*** DATASET EXCERPT Section Begins ***

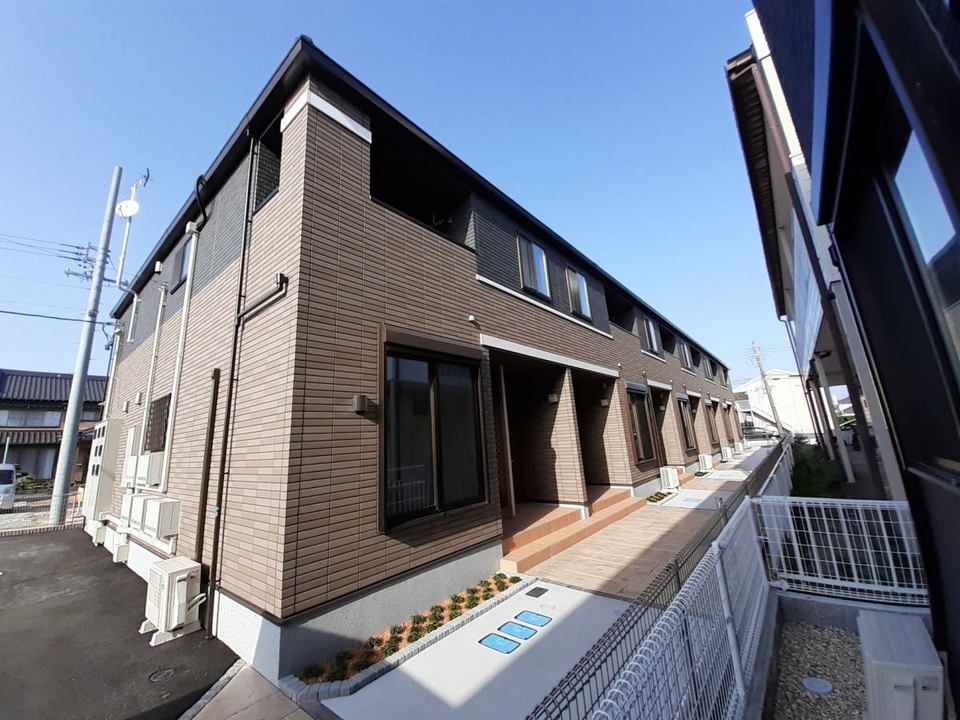 エルピーダの外観画像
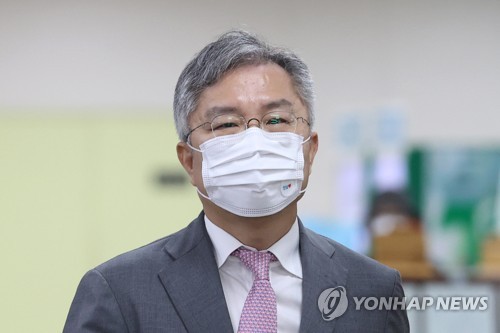 최강욱 재판서 '고발사주' 설전…검찰 "여전히 의혹 수준"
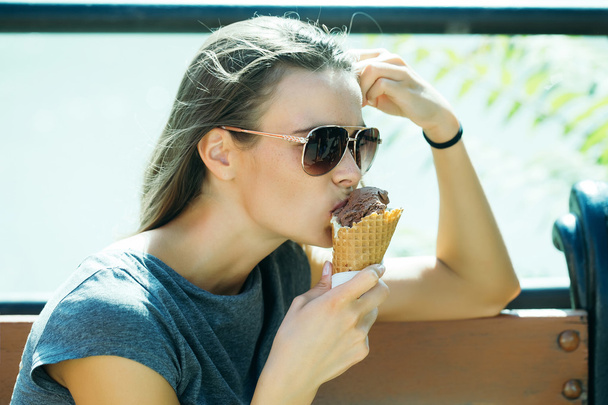 Young woman eating ice cream - Fotoğraf, Görsel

*** DATASET EXCERPT Section Ends ***

> _ASSIGNMENT_
A word-for-word copy of the material is required; pictures stay out of it.

> _RESPONSE BELOW_
 エルピーダの外観画像
 최강욱 재판서 '고발사주' 설전…검찰 "여전히 의혹 수준"
 Young woman eating ice cream - Fotoğraf, Görsel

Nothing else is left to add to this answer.